***** Records for this exercise *****
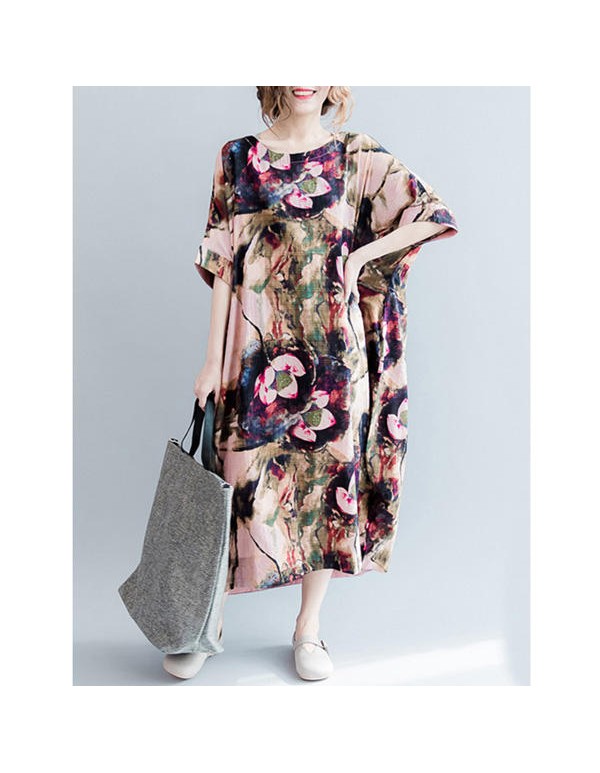 Casual S-5XL Women Loose Lotus Printing Dress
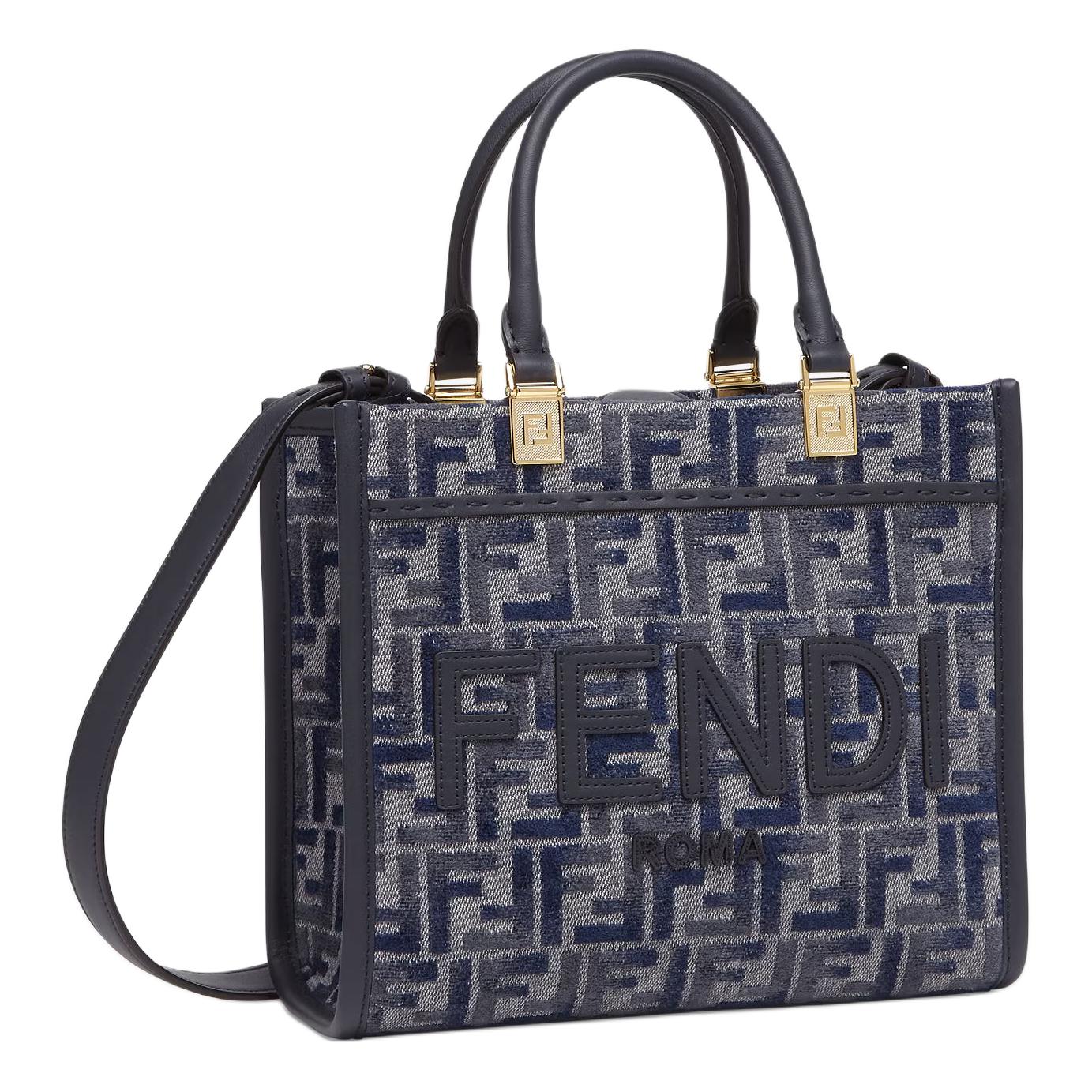 Женская сумка Fendi Sunshine (синяя) — фото 2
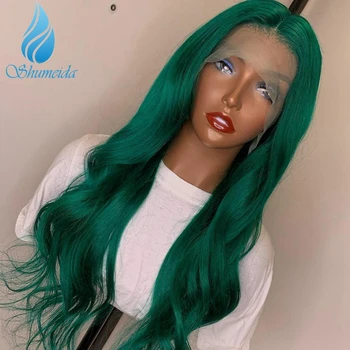 SMD de Culoare Verde 13x4 Peruci Fata Dantelă Pre Smuls Părul din Peru Corpul Val Remy de Păr Uman Păr de Peruci pentru Femeile cu Parul Copilului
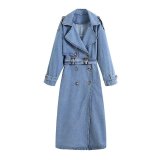 Women Loose Double Breasted Belted Denim Jacket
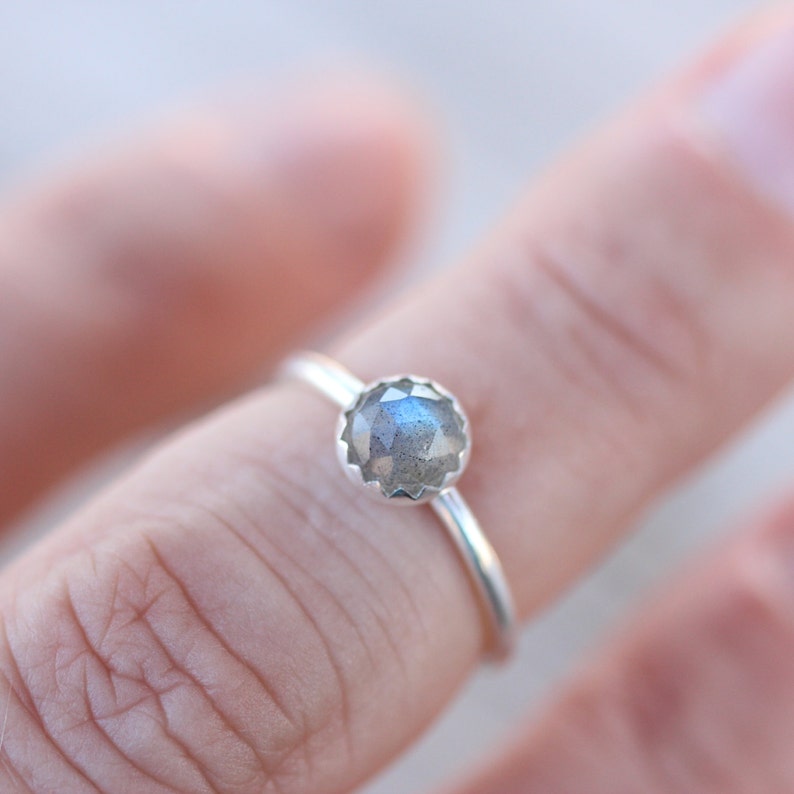 Delicate Rose Cut Labradorite Silver Ring Cute Blue Gray Simple Scalloped Bezel Boho Multicolor Iridescent Gemstone Gift For Her Sky Berry image 5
*****
**Problem statement**: Could you set down every entry again exactly as written, leaving out any pictures?

**Task answer**:
 Casual S-5XL Women Loose Lotus Printing Dress
 Женская сумка Fendi Sunshine (синяя) — фото 2
 SMD de Culoare Verde 13x4 Peruci Fata Dantelă Pre Smuls Părul din Peru Corpul Val Remy de Păr Uman Păr de Peruci pentru Femeile cu Parul Copilului
 Women Loose Double Breasted Belted Denim Jacket
 Delicate Rose Cut Labradorite Silver Ring Cute Blue Gray Simple Scalloped Bezel Boho Multicolor Iridescent Gemstone Gift For Her Sky Berry image 5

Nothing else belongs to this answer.